Nevertheless, there are certain areas where we did see a straight line heading up. In the past I did videos on this which detailed the three areas that stick out most: construction, upper level education, and healthcare. The bottom line is all three of these areas still operate like they did 100 years ago. For the most post, the core has not advanced due to technology.
That is about to change over the next 10-15 years. All three of these are about to be upended in a major way. Technology is going to come in and obliterate much of what is there. This is what it does. Disruption destroys and cleans out. The longer it takes for this to happen, the more powerful the breakthrough once it begins.
As more of our daily lives are digitized, we will see costs plummet. This is extremely deflationary.
We Are Dying Off
With the exception of a few zealots who hold onto the false narrative of the last 50 years (or are closet eugenicists), the scare of global overpopulation is done. Most are aware that this is no longer a concern. In fact, some are starting to speak out about an impending population collapse over the ensuing decades.
The simple facts are the fertility rates across the developed world is well under replacement level. This was recently verified by the last census out of China. Some take exception to that report, instead believing the CCP "manufactured" 10 million kids. If that is the case, demographers are saying that China's population peaked 15 years ago.
Here is a list of countries that are either at peak population or very near it:
- South Korea
As we can see, this is much of the developed world.
Why are demographics so important? Anyone who had kids understands the reason: they are expensive creatures. Populations that are younger have a larger section that is of child-rearing age. This means they tend to have kids. That leads to consumption.
What happens when populations get older? They do the reverse. Instead of consuming, they start to cut back their expenditures. They do things such as downsizing the house. Eventually they leave the workforce putting them on a fixed income. Naturally, they require more social services which places the government in the middle of a larger part of the economy. All of this is deflationary.
Of course, the next step is people start dying off. A contracting population does not to lead to economic expansion. In fact, before they die, the situation gets very ugly as social spending skyrockets yet the number of workers to support this through taxation are diminished. Hence, we can expect some class warfare to take place in many countries, this one based upon age.
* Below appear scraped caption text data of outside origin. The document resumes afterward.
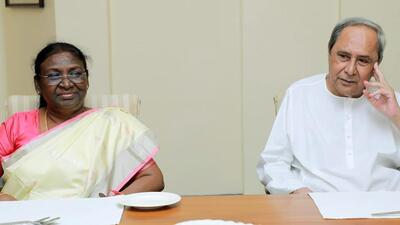 Droupadi Murmu with Odisha chief minister Naveen Patnaik. (ANI)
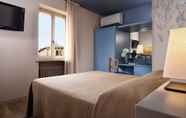 Bedroom 5 Titano Suites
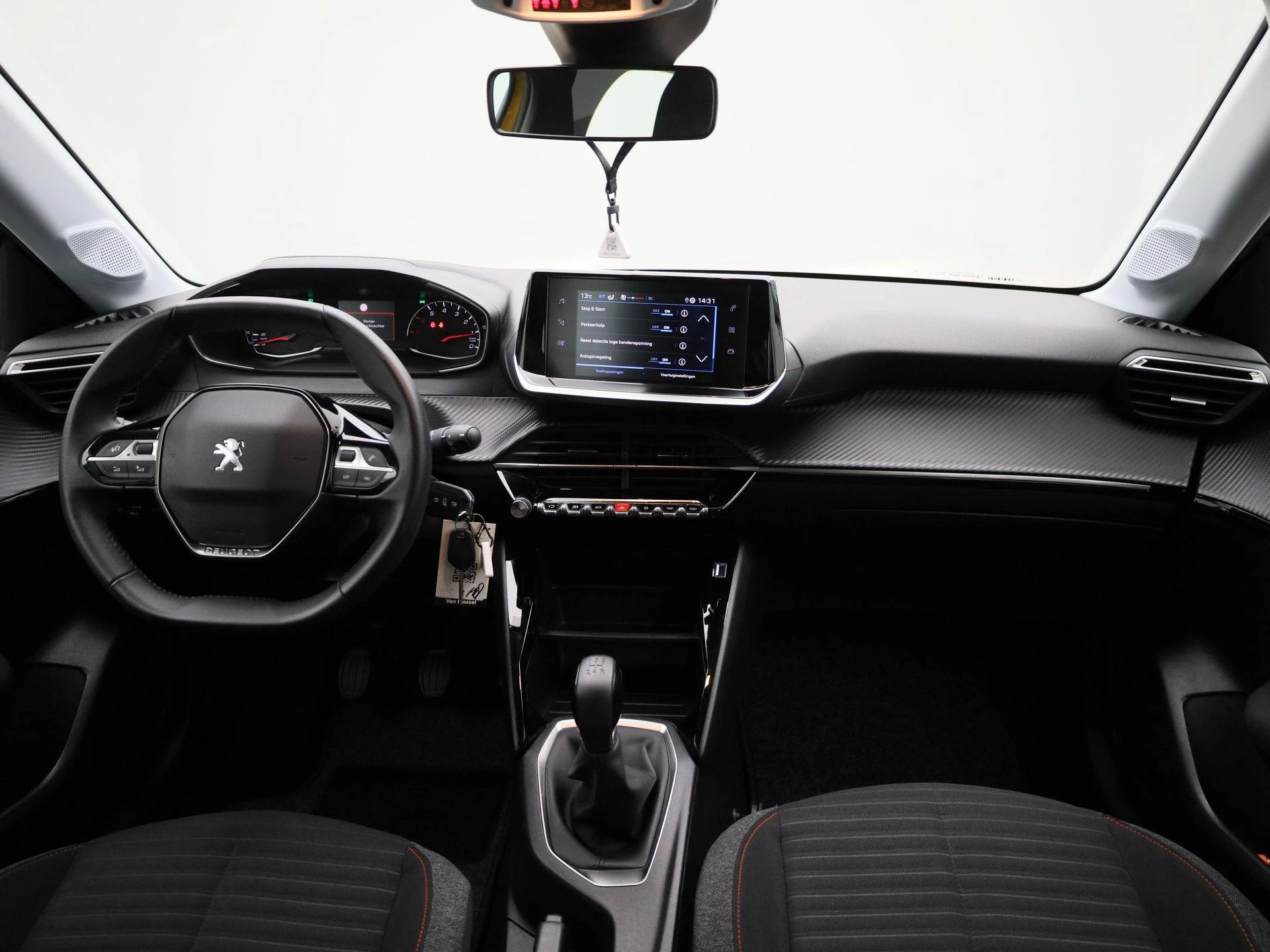 Peugeot-208-image-32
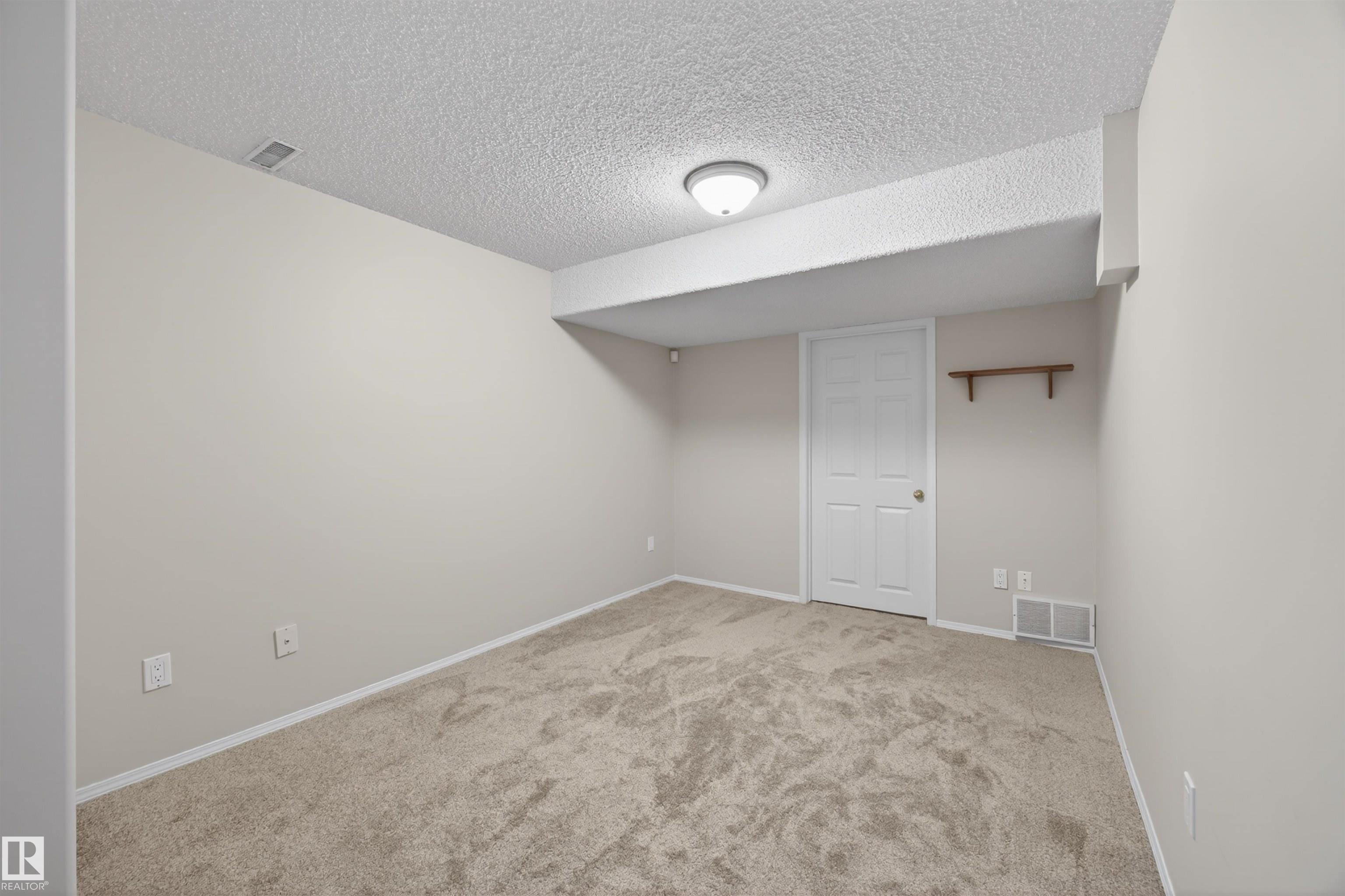 https://zimg.paragon.ice.com/ParagonImages/Property/PM/RAE/225399460/37/0/0/5f6708e6145c16386511989c47dcabad/1/579392ba0a01a99463dffa4098469559/225399460-7dad3401-a713-4d0a-bbd6-5f8d8030e842.JPG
In the United States, the Baby Boomer generation was the largest we ever saw. There was 85 million of them born. It is safe to say this group is starting to drift away. There are more than 10,000 of them retiring each day, on average. However, that is not the only thing they are doing.
They are also dying off.
More than 28% of the Baby Boomers already passed away. This means they are now smaller, in number, than Generation X. Fortunately for the US, the Millennials are a sizeable group so they can offset this.
It is not a luxury the countries on the list above have.
All of this means economic output is likely to slow down as consumption in these countries wanes. This is a major problem for a nation like Germany that is a major exporter. It is hard to grow the economy when the countries you sell to are facing aging populations and reduced consumption.
Add technological advancement to an aging population in the developed world and you have a recipe for massive deflation over the next 15 years. It is impossible to ignore these long-term trends, especially the demographics. That is something that does not change quickly even if there is a reversal which, up to this point, no country has figured out how to do.
This is the path in front of us regardless of what espoused online.